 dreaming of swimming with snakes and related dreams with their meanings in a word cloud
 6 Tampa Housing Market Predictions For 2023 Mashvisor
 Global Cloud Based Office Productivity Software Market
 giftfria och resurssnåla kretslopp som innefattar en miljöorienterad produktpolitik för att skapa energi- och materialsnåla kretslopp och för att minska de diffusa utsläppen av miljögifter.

- [Work instructions]: Your output must contain exactly the lines from the one containing "Global Cloud Based" to the final line of the data above, and no other text.

- [Answer to this task]:
 Global Cloud Based Office Productivity Software Market
 giftfria och resurssnåla kretslopp som innefattar en miljöorienterad produktpolitik för att skapa energi- och materialsnåla kretslopp och för att minska de diffusa utsläppen av miljögifter.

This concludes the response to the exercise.